### Task brief
The text of every record, exactly as given and with no pictures, should be your output.

### Scraped caption text data
== Segment start ==

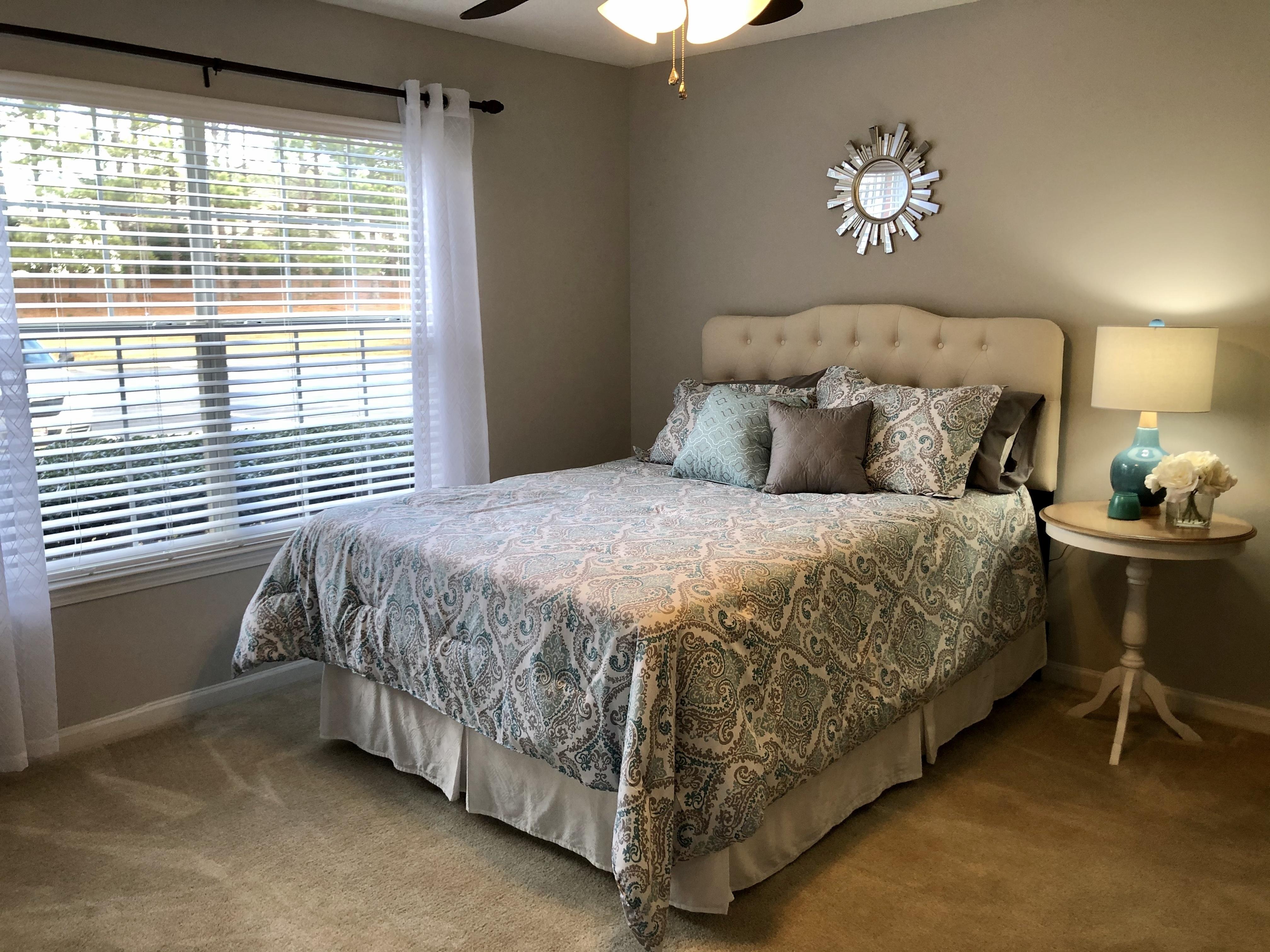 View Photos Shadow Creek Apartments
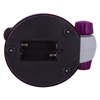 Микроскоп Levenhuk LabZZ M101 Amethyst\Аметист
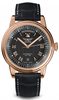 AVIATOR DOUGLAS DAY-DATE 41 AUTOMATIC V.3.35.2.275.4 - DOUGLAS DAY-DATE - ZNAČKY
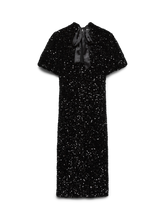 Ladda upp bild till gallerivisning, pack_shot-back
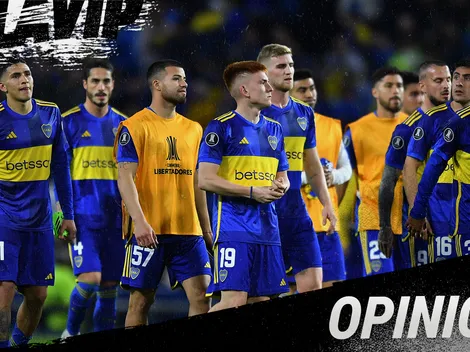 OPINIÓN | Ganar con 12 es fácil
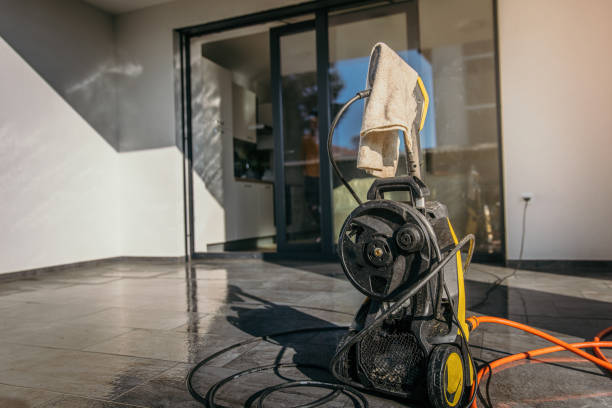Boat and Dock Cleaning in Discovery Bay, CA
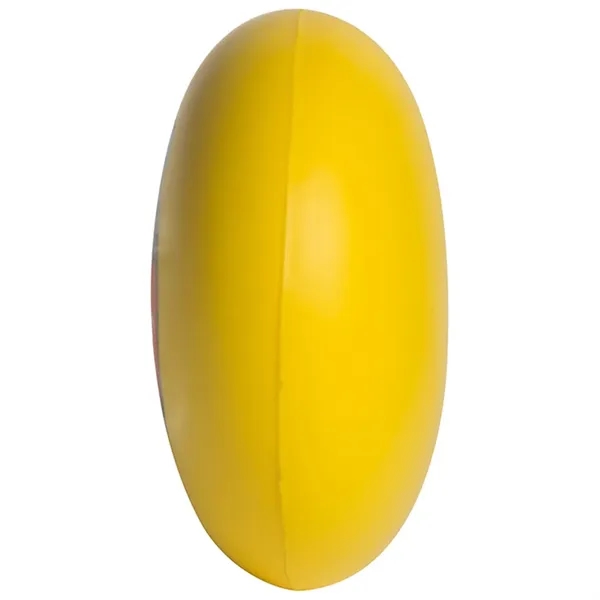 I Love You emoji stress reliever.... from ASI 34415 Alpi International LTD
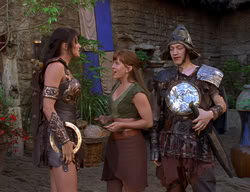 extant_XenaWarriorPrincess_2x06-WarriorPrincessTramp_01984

== Segment end ==

### Solution for this task
 View Photos Shadow Creek Apartments
 Микроскоп Levenhuk LabZZ M101 Amethyst\Аметист
 AVIATOR DOUGLAS DAY-DATE 41 AUTOMATIC V.3.35.2.275.4 - DOUGLAS DAY-DATE - ZNAČKY
 Ladda upp bild till gallerivisning, pack_shot-back
 OPINIÓN | Ganar con 12 es fácil
Boat and Dock Cleaning in Discovery Bay, CA
 I Love You emoji stress reliever.... from ASI 34415 Alpi International LTD
 extant_XenaWarriorPrincess_2x06-WarriorPrincessTramp_01984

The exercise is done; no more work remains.